Cover photography (Macfarlane et al. 2007b) is narrow-lens canopy photography. The method was invented by Craig Macfarlane and has a key advantage of simplifying canopy image processing (indeed, no ‘circular’ handling of zenith rings and azimuth segments of cover images is required). But there are many other advantages, as the method is suitable for any kind of device, including smartphones and camera-traps, and it is also less sensitive to sky conditions and gamma correction than fisheye pictures.

Cover photography use a narrow lens (e.g. 50 mm) to achieve a FOV of about 30°

In terms of image processing, the key steps are

• classify the image;
• apply an algorithm to calculate foliage cover and effective LAI from classified GF.

This means that any kind of thresholding freeware, plugin or code can be used to process these images. For example, the ImageJ plugin ‘Auto Threshold’, which has been also translated in the R library ‘autothresholdr’, can be used to calculate gap fraction after thresholding cover images. With GF, it is possible to calculate the complement foliage cover, and derive effective LAI by assuming an extinction coefficient k from the formulas reported in Macfarlane et al. 2007b.
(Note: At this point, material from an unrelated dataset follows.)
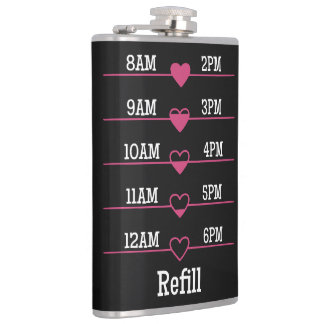 Refill Chart Flask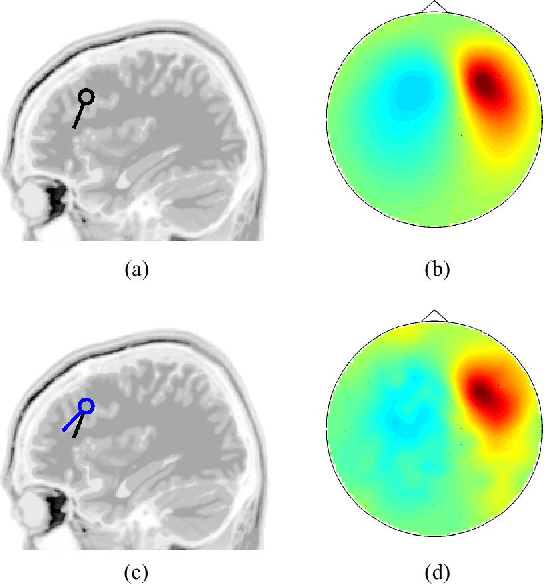 Figure 2 for Modeling sparse connectivity between underlying brain sources for EEG/MEG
However, the estimation of foliage clumping, upon which LAI can be derived from effective LAI, require further step of separating gaps into large, between-crowns gaps, and small, within-crown gaps. I created an R package ‘coveR’ to process DCP images, which is described in the article here. Alternatively, there is a specific open Python library Canopy Cover (CaCo) which allows to perform separation of large and small gap in cover images (Alivernini et al. 2018). For non-practitioners of Python, a similar approach can be achieved using the ‘Analyze particles’ plugin of ImageJ, using the same method descrived in Alivernini et al. 2018.

In short, there are currently many free options to process canopy images, and smartphone APPs are likely to increment the plafond of open-source solutions for canopy photographers!